▶ **What to work on**:
Nothing but the lines from the first line of the material below through the line that holds "Balcony/Terrace in Avila Ketapan Rame Hotel" should be set down, exactly and with pictures left out.

▶ **Extracted records**:

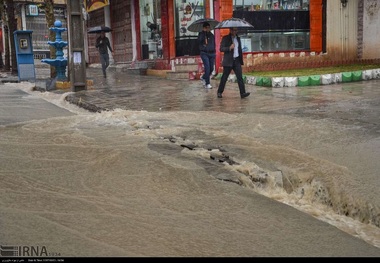 427 میلی متر بارندگی در لرستان ثبت شد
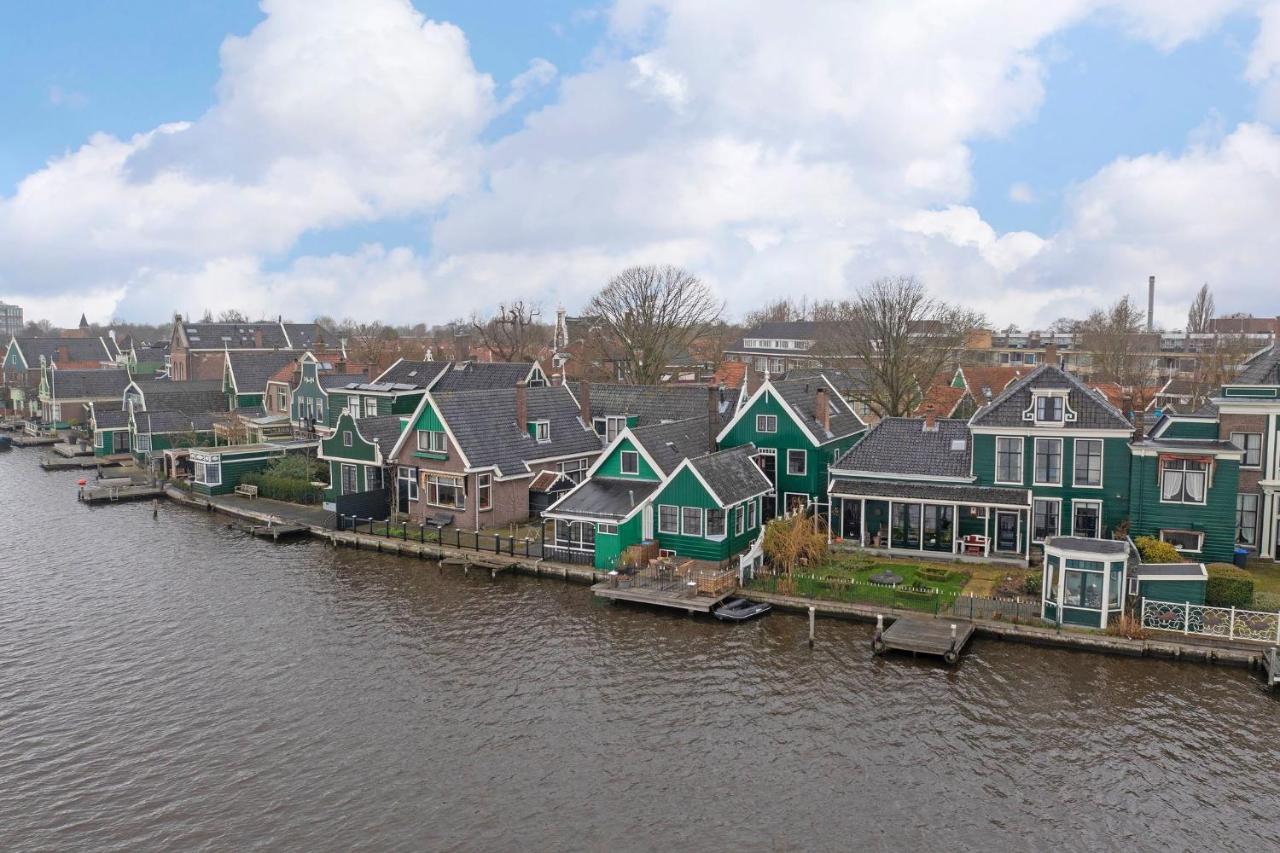 Pakhuys Bij De Zaanse Schans Guest House Zaandijk Ngoại thất bức ảnh
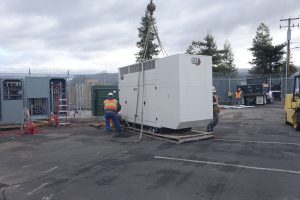 Installation Of Natural Gas Stand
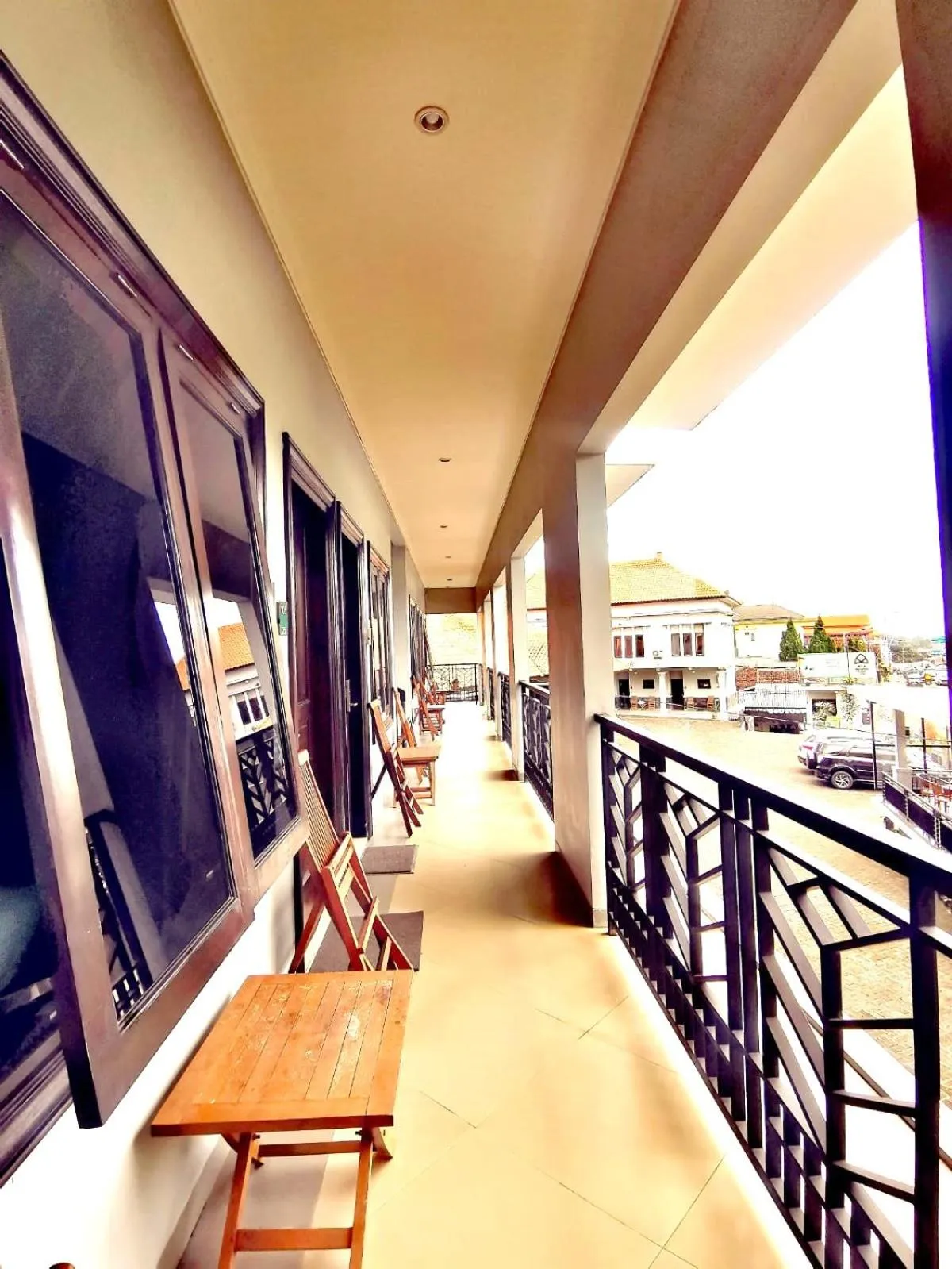 Balcony/Terrace in Avila Ketapan Rame Hotel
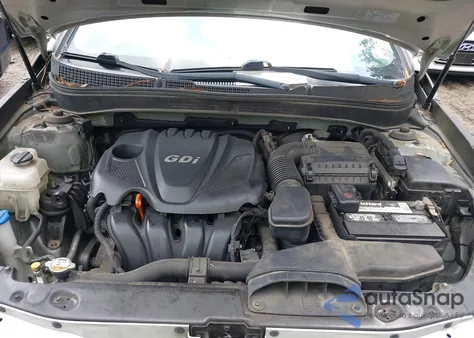 2013 Hyundai Sonata Gls из США, поврежденный, VIN 5NPEB4AC4DH552075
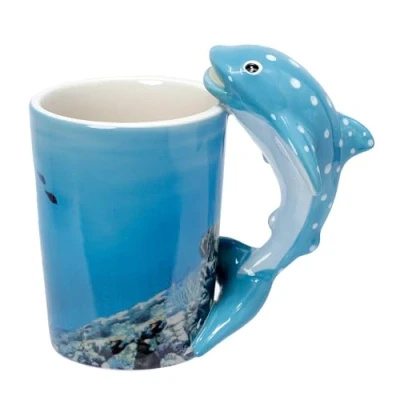 Immagine di Puckator Tazza con Manico a Forma di Squalo Balena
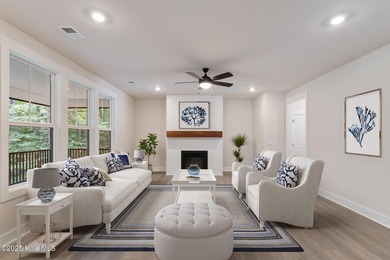 Welcome to your ideal golf and coastal retreat! This beautiful 2 on Brunswick Plantation and Golf Resorts in North Carolina - for sale on GolfHomes.com, golf home, golf lot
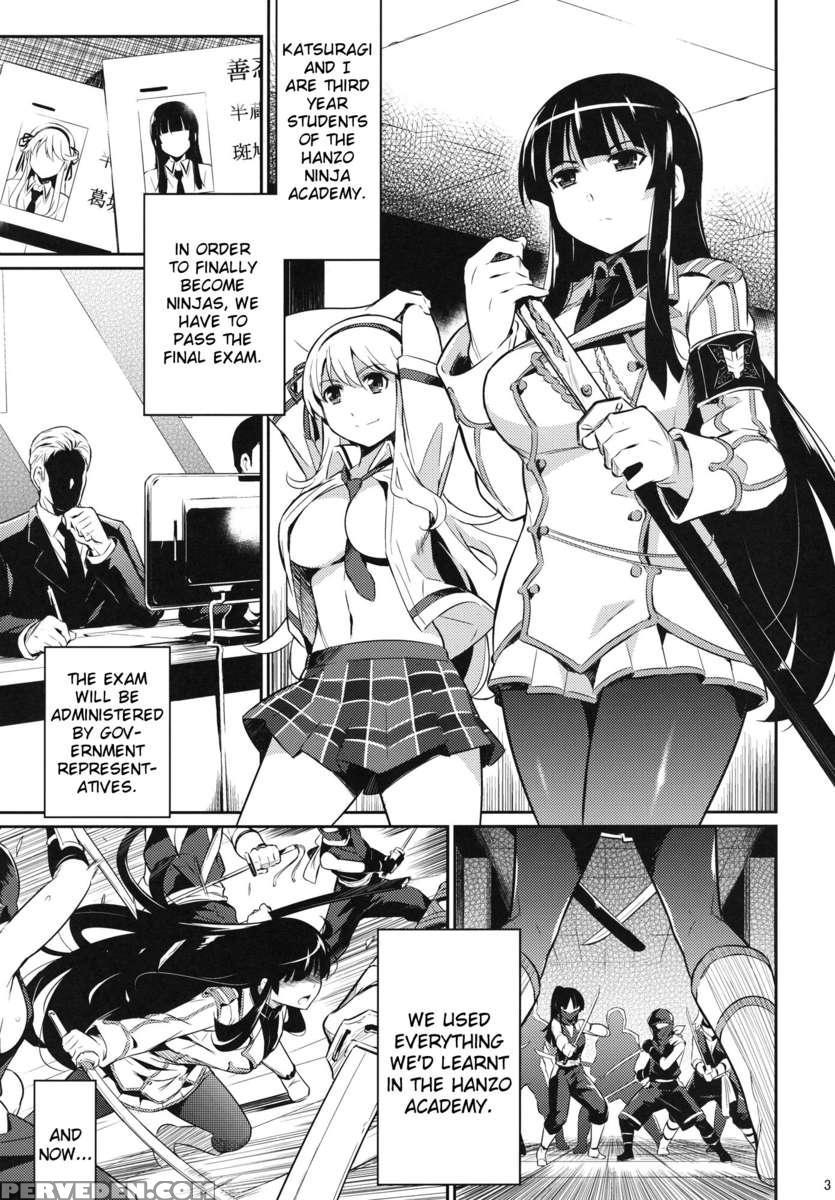 Shinobi's Gate Chapter 1000 Page 2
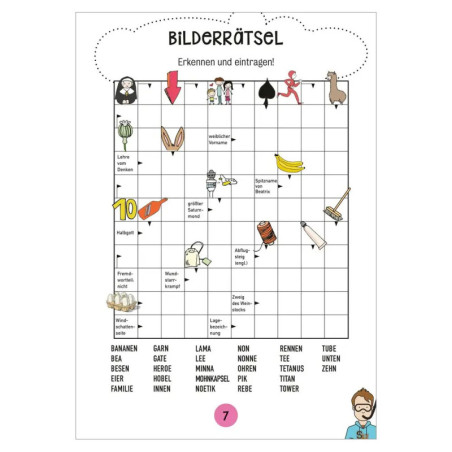 Tessloff Der kleine Heine. Coole Kreuzworträtsel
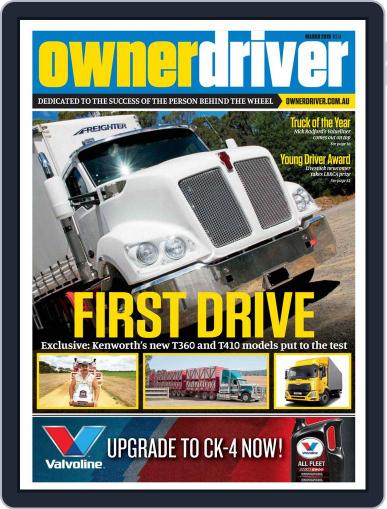 Owner Driver March 1st, 2019 Digital Back Issue Cover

▶ **Your response**:
 427 میلی متر بارندگی در لرستان ثبت شد
 Pakhuys Bij De Zaanse Schans Guest House Zaandijk Ngoại thất bức ảnh
 Installation Of Natural Gas Stand
 Balcony/Terrace in Avila Ketapan Rame Hotel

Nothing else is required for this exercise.